- Opening Delimiter -

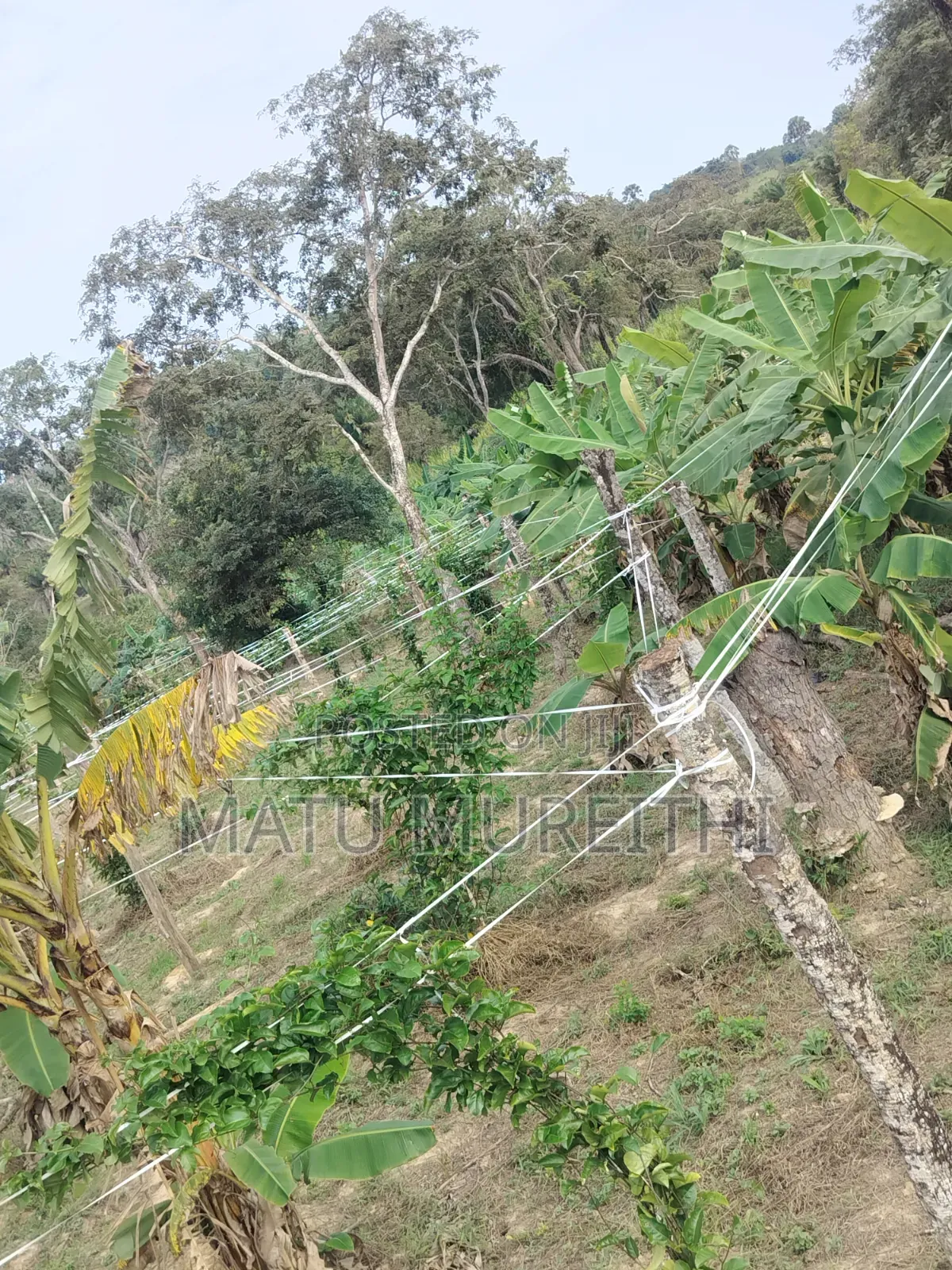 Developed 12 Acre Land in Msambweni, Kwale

- Closing Delimiter -
- Opening Delimiter -

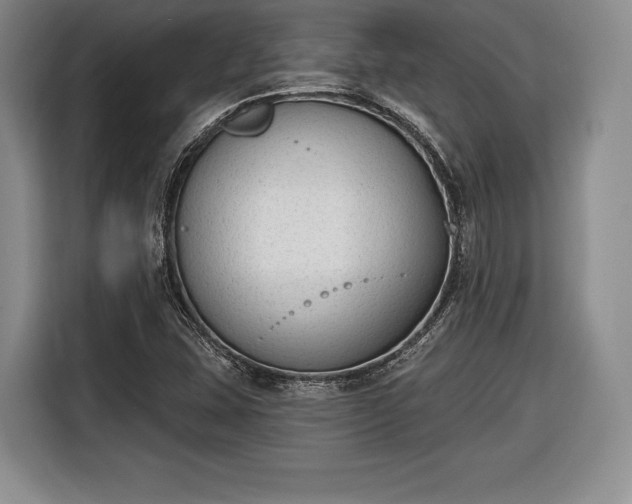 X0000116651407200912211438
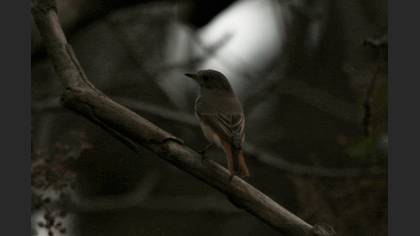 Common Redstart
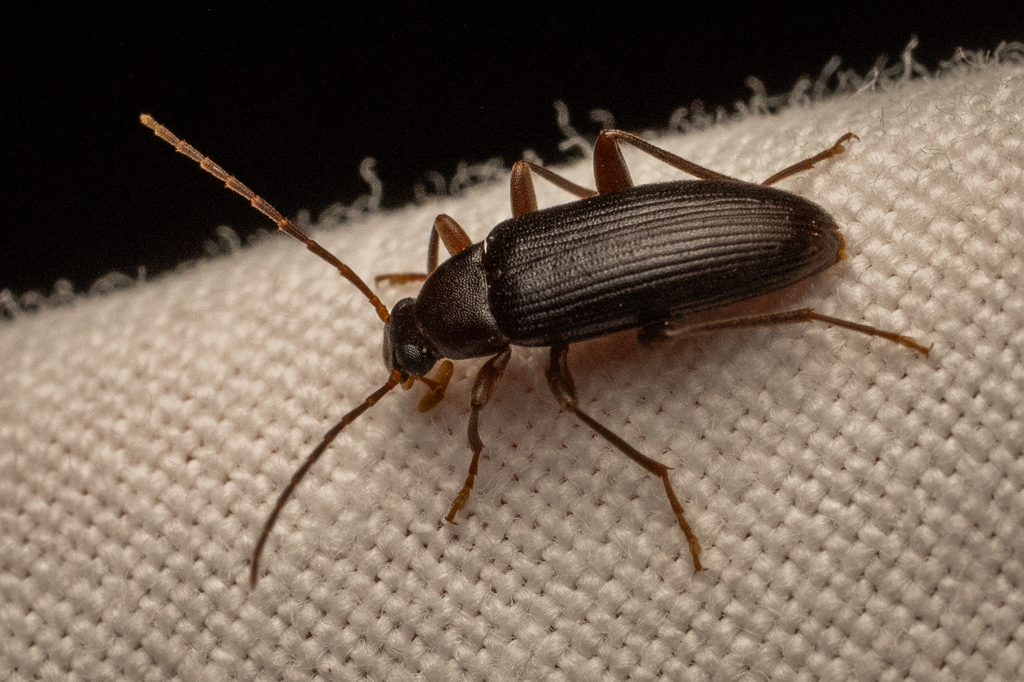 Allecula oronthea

- Closing Delimiter -

What the task asks:
Take the material above from the line containing "X0000116651407200912211438" up to and including the line containing "Allecula oronthea" and retype it exactly, without any pictures.

Result:
 X0000116651407200912211438
 Common Redstart
 Allecula oronthea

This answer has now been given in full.